= Exercise description =
Output exactly the lines of the listing below that run from the line with "世界500强企业，富士康为何比腾讯、华为排名还靠前？" through the line with "facebook se old". No pictures.

= Recorded information =
★ ★ ★ ★ ★
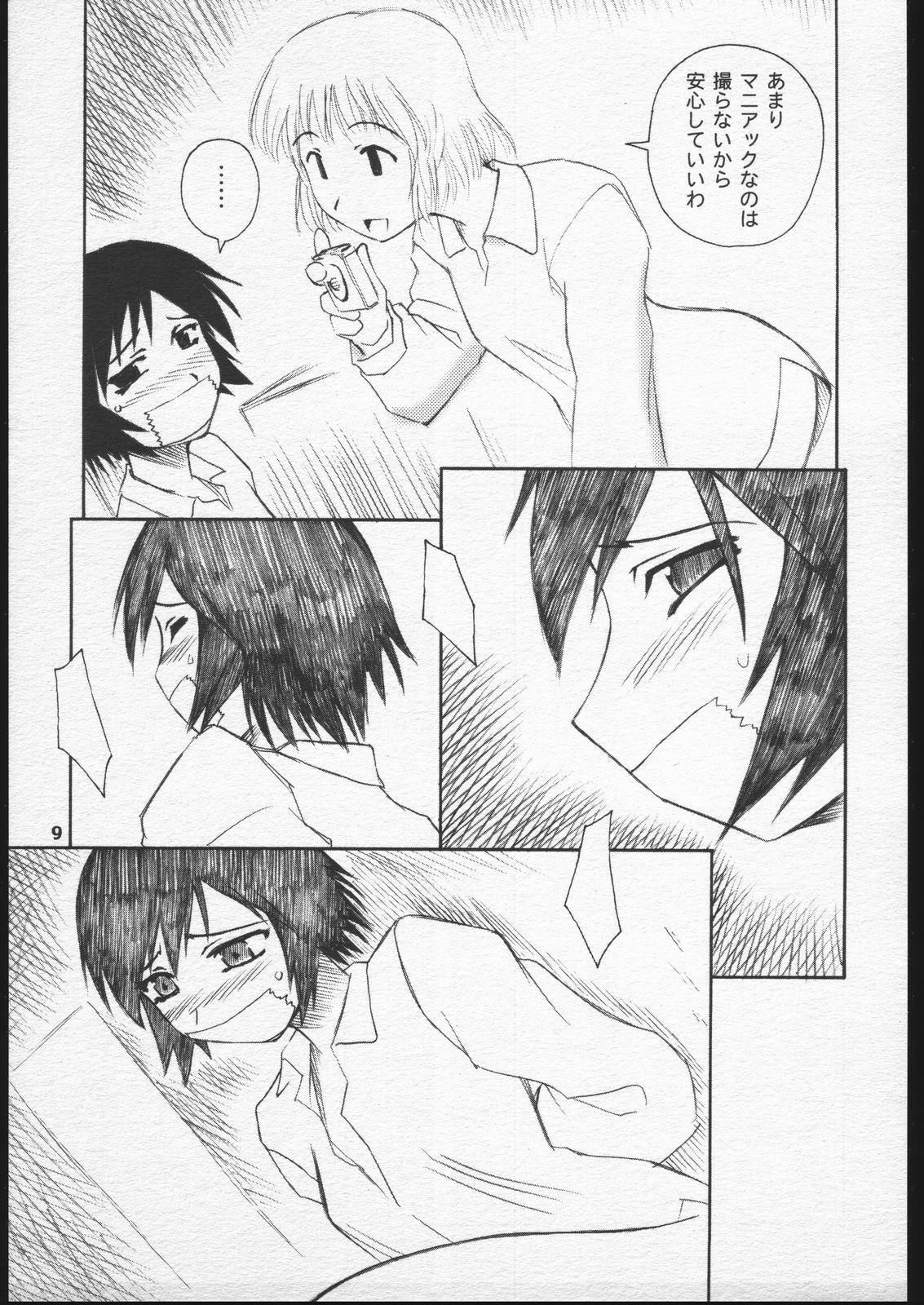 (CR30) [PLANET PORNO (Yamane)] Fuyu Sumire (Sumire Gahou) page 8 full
★ ★ ★ ★ ★
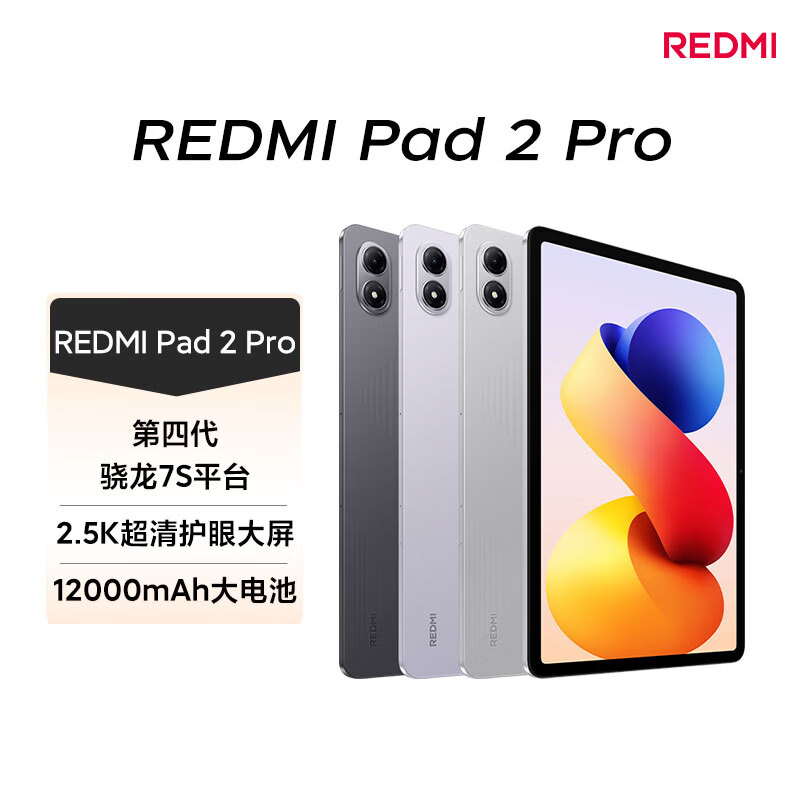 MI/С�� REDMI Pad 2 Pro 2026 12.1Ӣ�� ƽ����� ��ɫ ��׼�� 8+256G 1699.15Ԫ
★ ★ ★ ★ ★
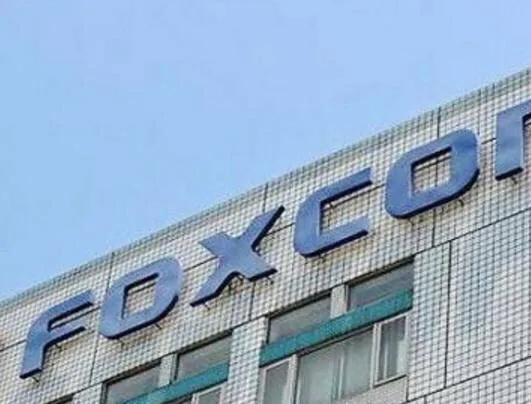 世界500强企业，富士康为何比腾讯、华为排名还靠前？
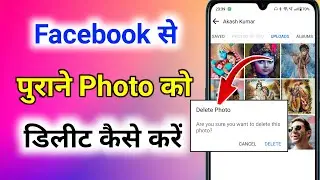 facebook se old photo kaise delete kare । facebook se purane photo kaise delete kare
★ ★ ★ ★ ★
= Exercise output =
 世界500强企业，富士康为何比腾讯、华为排名还靠前？
 facebook se old photo kaise delete kare । facebook se purane photo kaise delete kare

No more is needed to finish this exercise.